I confess that part of my motivation for tackling homemade  apple pie the night before Thanksgiving dinner was the fact that my  mother had advised against it.

“At least use a frozen pie crust,” she said. “Why put all this extra  stress on yourself?”

But I’d grown overconfident, so the fact that I’d never in my life  used a pastry blender or a rolling pin didn’t stop me from going right  ahead and whisking together some flour, sugar, and salt, cutting in  two sticks of butter, adding some water, and then kneading it all  together to form two disks that looked exactly like the picture on page  438, thank you very much. Then I wrapped my pâte brisée in plastic  and put it in the refrigerator while I combined my (slightly browning) apples with sugar, flour, lemon juice, cinnamon, ginger, and salt.  A taste test proved I was on the right track.

“Assemble the pie,” commanded the directions.

No problem.

I dusted the counter with flour, placed the first pâte brisée on the  surface, took out my rolling pin, and began my slow break from sanity.

To this day I am convinced that rendering that lump of dough into  a crust that is precisely one-eighth of an inch thick and thirteen inches  in diameter would require Douglas Adams–style rematerialization. 

I did everything the book told me to do. I rolled the dough from  the center out to the edges. I turned it as I went along. I tried using  parchment paper. But after thirty minutes of excruciating tedium, I  decided that eleven inches in diameter would have to do.
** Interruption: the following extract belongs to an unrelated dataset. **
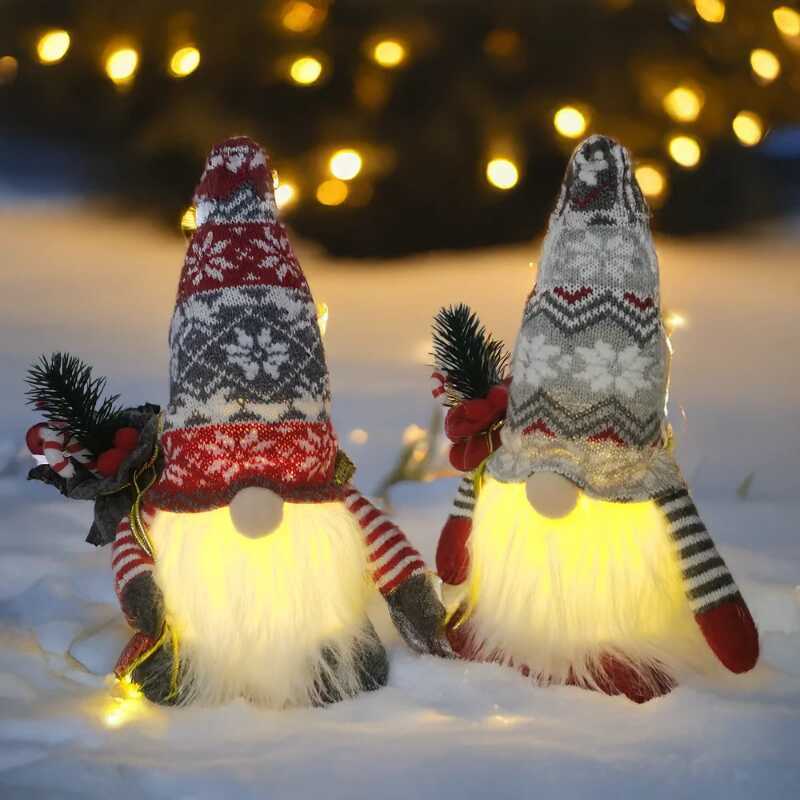 C Usq_Hot Retro Plush Gnomes Figs Christmas Decorations 2025 LED Light Up X Tree Pendant Ornaments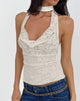 Image of Samwell Halterneck Top in Paisley Lace Ivory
I unrolled  the paper-thin dough into the pie pan, where it barely peeked over the  edges, filled it with the apple mixture, wrestled again with the second  round of pâte brisée, and then finally draped the “lid” over the filling.

“Use kitchen shears to trim overhang of both crusts to 1-inch,” said Martha.

Well, I can safely skip that step.

“Press edges to seal.”

Okay.

“Fold overhang under, and crimp edges: With thumb and index  finger of one hand, gently press dough against index finger of other hand. Continue around pie.”

This proved challenging given the amount of crust I had to work  worth, but by the time I finished, it didn’t look half-bad, almost like  Martha’s picture, in fact.

And then I realized I’d forgotten to add the butter to the filling.

Crap.

I immediately got on my phone to tweet about the predicament  and solicit advice. Of the dozen or so friends who were online at  9 p.m. the night before Thanksgiving—most of them men—three  suggested that I cut the butter into little slivers and stick it through  the air slits, which turned out to be a good idea except that my air  slits ended up looking more like giant gashes through which butter  was bleeding out of my pie.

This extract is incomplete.